## Logistic Regression Implementation on (scaled) non-reduced dataset

Imports

In [23]:
# Utilities
import pandas as pd
import warnings
import matplotlib as plt

# Models
import optuna
from sklearn.model_selection import train_test_split, cross_val_score
from sklearn.exceptions import ConvergenceWarning
from sklearn.ensemble import RandomForestClassifier
from sklearn.linear_model import LogisticRegression
from sklearn.model_selection import GridSearchCV
from sklearn.metrics import accuracy_score, f1_score

Set random seed for reproductibility

In [2]:
seed = 42

Read clean (scaled data)

In [3]:
df_scaled = pd.read_csv('CleanedData/dataset_preprocessed.csv')

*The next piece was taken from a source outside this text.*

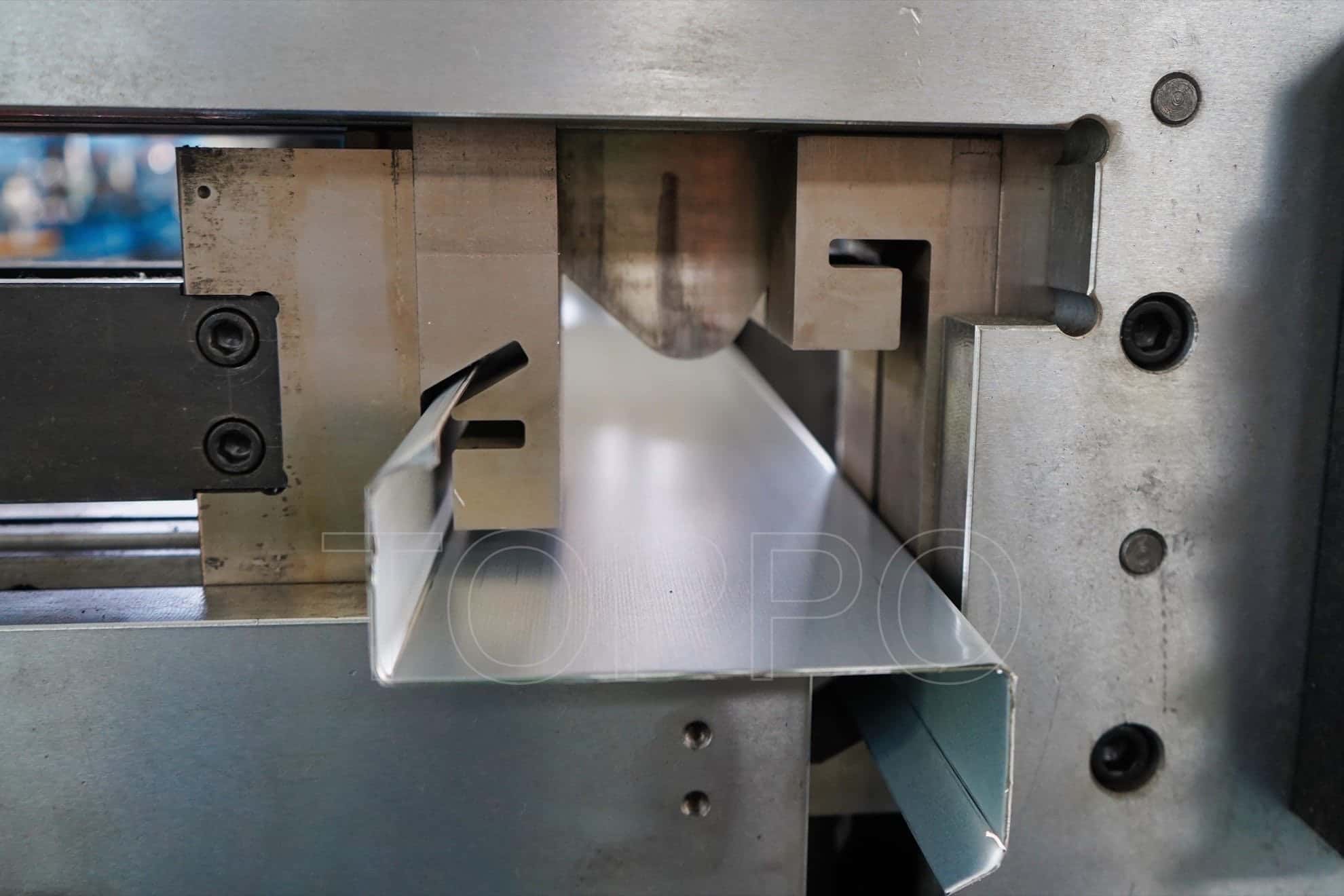 Heavy Duty Automatic CZU Purlin Roll Forming Machine with Hydraulic Flying Cutting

Take sample for (initial) tests

In [4]:
df_scaled_sample = df_scaled.sample(n=1000, random_state=seed)

Train-Test Split

In [5]:
test_size = 0.2
X_train, X_test, y_train, y_test = train_test_split(
    df_scaled_sample.drop('averageRating', axis=1), 
    df_scaled_sample['averageRating'], test_size=test_size, 
    random_state=seed
)

Model fit

In [7]:
model = LogisticRegression(random_state=42)
model.fit(X_train, y_train)

In [8]:
predictions = model.predict(X_test)

print("Accuracy:", accuracy_score(y_test, predictions))
print("F1 score:", f1_score(y_test, predictions, average=None))

Accuracy: 0.765
F1 score: [0.         0.81853282 0.69117647]


In [9]:
# Apar warning-uri ptc nu converge daca max_iter e mic (<100)
# Maximu pe care l-am pus e 10k si acolo nu apare niciun warning dar am lasat ca lista
# Ptc modelele cele mai bune sunt la la max_iter <500
warnings.filterwarnings(action='ignore', category=ConvergenceWarning)

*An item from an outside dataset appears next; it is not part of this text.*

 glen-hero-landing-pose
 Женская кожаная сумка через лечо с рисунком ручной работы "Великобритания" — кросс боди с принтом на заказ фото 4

## Grid Search with Cross-Validation

In [10]:
# Define the hyperparameters to tune
param_grid = {
    'penalty': ['l1', 'l2'],
    'C': [0.001, 0.01, 0.1, 1, 10, 100],
    'max_iter': [10, 100, 200, 500, 100, 1000, 5000],
    'solver': ['liblinear', 'saga']
}

# Perform grid search cross-validation
grid_search_cv = GridSearchCV(estimator=LogisticRegression(random_state=seed),
                               param_grid=param_grid, cv=5, scoring='accuracy')
grid_search_cv.fit(X_train, y_train)

# Get the best hyperparameters and model
best_params_cv = grid_search_cv.best_params_
best_model_cv = grid_search_cv.best_estimator_

Results of the best model 

In [11]:
accuracy_cv = best_model_cv.score(X_test, y_test)

print("Best Hyperparameters:", best_params_cv)
print("Accuracy:", accuracy_cv)

Best Hyperparameters: {'C': 100, 'max_iter': 10, 'penalty': 'l2', 'solver': 'liblinear'}
Accuracy: 0.78


Results of best models Grid Search CV

In [12]:
df_cv = pd.DataFrame(grid_search_cv.cv_results_)

# Show top parameters for LR with Cross Validation Grid Serach
df_results_cv = df_cv[['params', 'mean_test_score']]
df_results_cv_sorted = df_results_cv.sort_values(by='mean_test_score', ascending=False)

print(df_results_cv_sorted.head(5))

                                                params  mean_test_score
154  {'C': 100, 'max_iter': 500, 'penalty': 'l2', '...          0.75625
166  {'C': 100, 'max_iter': 5000, 'penalty': 'l2', ...          0.75625
142  {'C': 100, 'max_iter': 10, 'penalty': 'l2', 's...          0.75625
164  {'C': 100, 'max_iter': 5000, 'penalty': 'l1', ...          0.75625
144  {'C': 100, 'max_iter': 100, 'penalty': 'l1', '...          0.75625


In [13]:
# Use best parameters to make predictions
predictions_cv = best_model_cv.predict(X_test)

print("Accuracy achieved for best parameters:", accuracy_score(y_test, predictions))
print("F1 score for best parameters:", f1_score(y_test, predictions, average=None))
# Aici (rezultatu) e 0. (pentru clasa 0) ptc sunt ft putine date pentru clasa 0 (maybe unbalanced)

Accuracy achieved for best parameters: 0.765
F1 score for best parameters: [0.         0.81853282 0.69117647]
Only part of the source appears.